SOURCE INFORMATION.
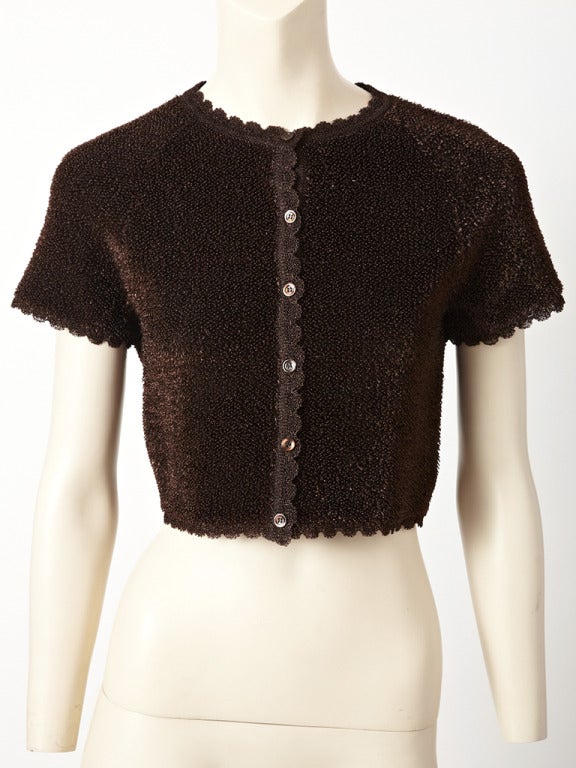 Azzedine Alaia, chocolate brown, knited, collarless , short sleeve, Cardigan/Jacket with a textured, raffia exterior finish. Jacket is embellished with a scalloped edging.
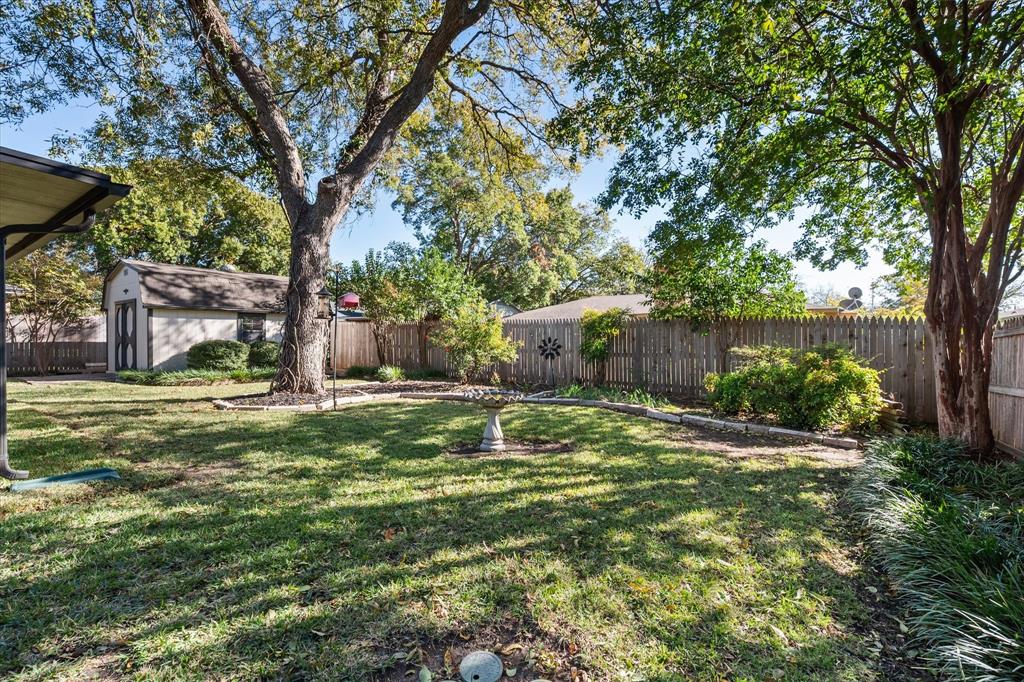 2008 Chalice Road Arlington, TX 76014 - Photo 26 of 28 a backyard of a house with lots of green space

--

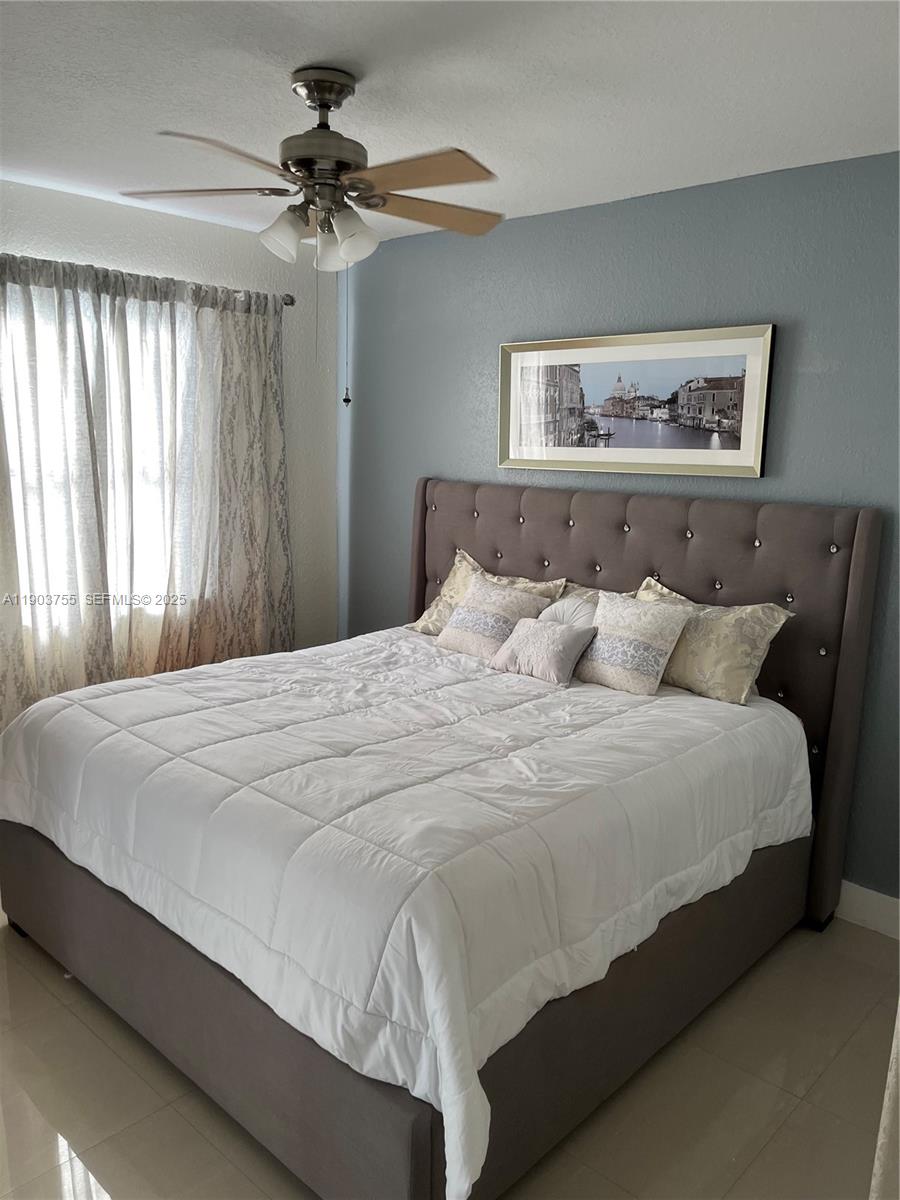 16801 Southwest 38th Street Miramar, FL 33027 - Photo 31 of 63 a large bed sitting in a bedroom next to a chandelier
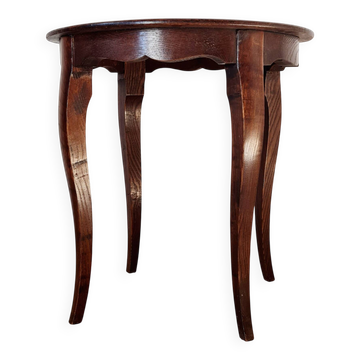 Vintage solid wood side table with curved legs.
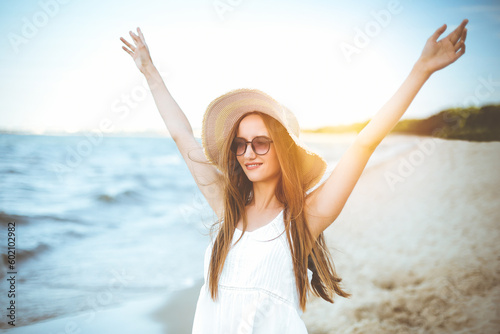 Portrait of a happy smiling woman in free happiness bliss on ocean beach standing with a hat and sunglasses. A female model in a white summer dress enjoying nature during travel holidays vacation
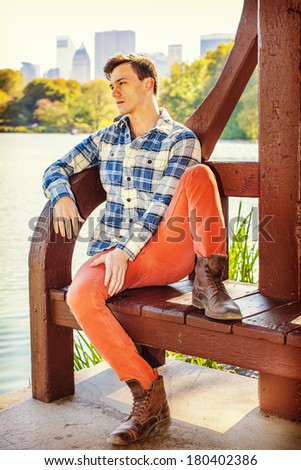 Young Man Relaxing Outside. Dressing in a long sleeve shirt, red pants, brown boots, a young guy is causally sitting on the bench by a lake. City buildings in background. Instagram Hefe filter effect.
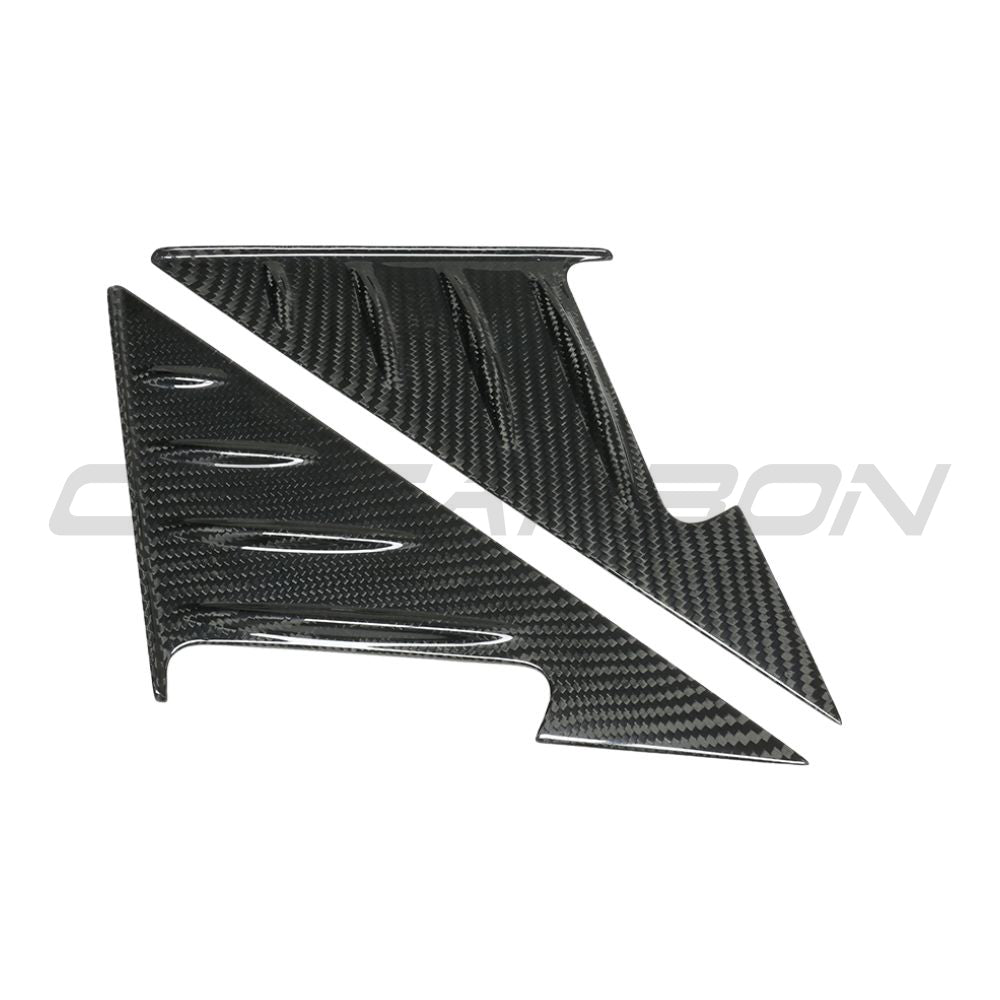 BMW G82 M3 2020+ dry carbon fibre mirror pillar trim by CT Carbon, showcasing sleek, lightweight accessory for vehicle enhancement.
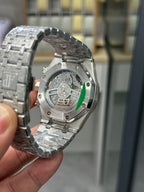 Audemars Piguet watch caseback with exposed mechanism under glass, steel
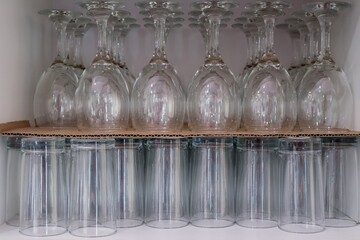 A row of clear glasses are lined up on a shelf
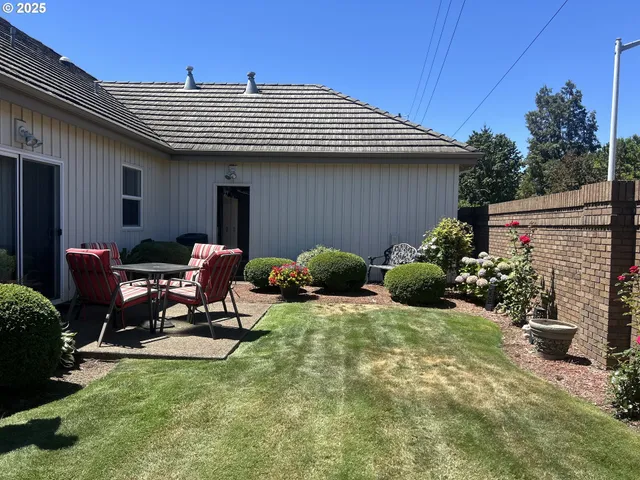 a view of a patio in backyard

==

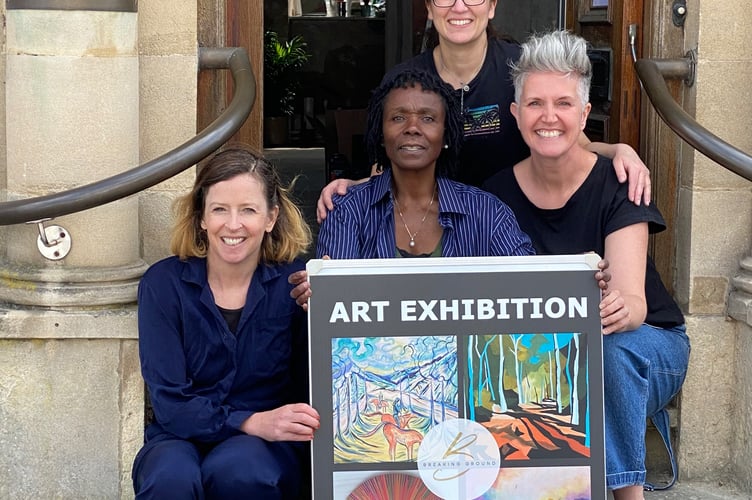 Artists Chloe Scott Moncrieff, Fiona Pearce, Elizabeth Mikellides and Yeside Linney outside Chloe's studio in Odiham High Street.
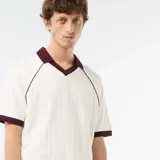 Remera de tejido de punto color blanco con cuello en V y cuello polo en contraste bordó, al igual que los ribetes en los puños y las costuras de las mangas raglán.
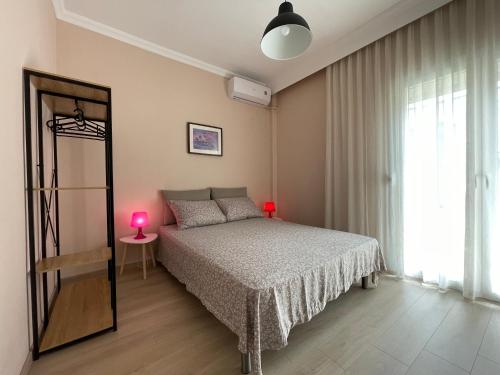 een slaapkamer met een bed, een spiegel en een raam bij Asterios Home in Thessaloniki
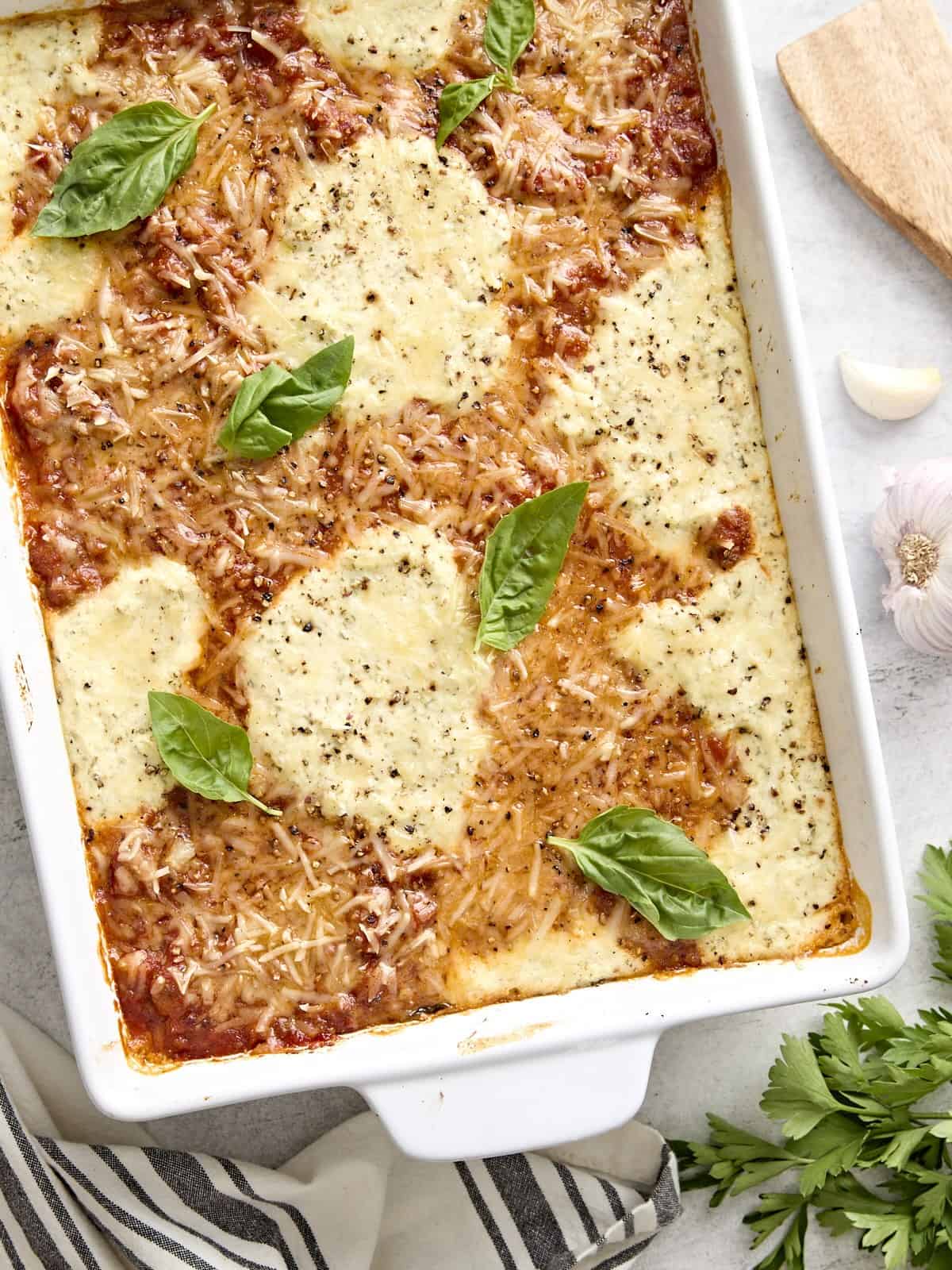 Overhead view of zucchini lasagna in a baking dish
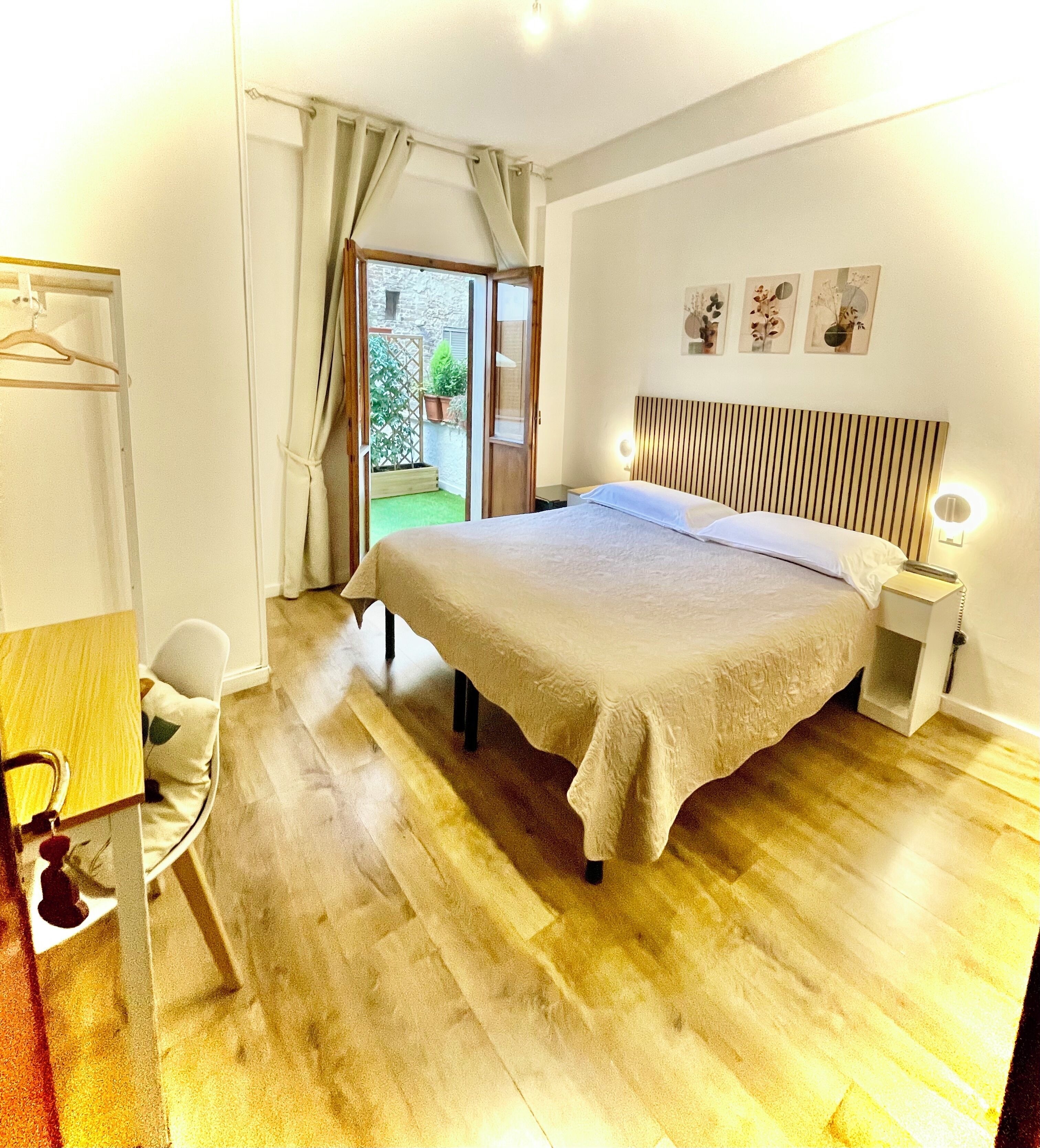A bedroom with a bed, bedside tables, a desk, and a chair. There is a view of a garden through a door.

WHAT IS EXPECTED.
Within the listing above, find the line containing "Artists Chloe Scott" and the line containing "Remera de tejido". Transcribe them and everything between them exactly, leaving out the pictures.

EXPECTED ANSWER.
 Artists Chloe Scott Moncrieff, Fiona Pearce, Elizabeth Mikellides and Yeside Linney outside Chloe's studio in Odiham High Street.
 Remera de tejido de punto color blanco con cuello en V y cuello polo en contraste bordó, al igual que los ribetes en los puños y las costuras de las mangas raglán.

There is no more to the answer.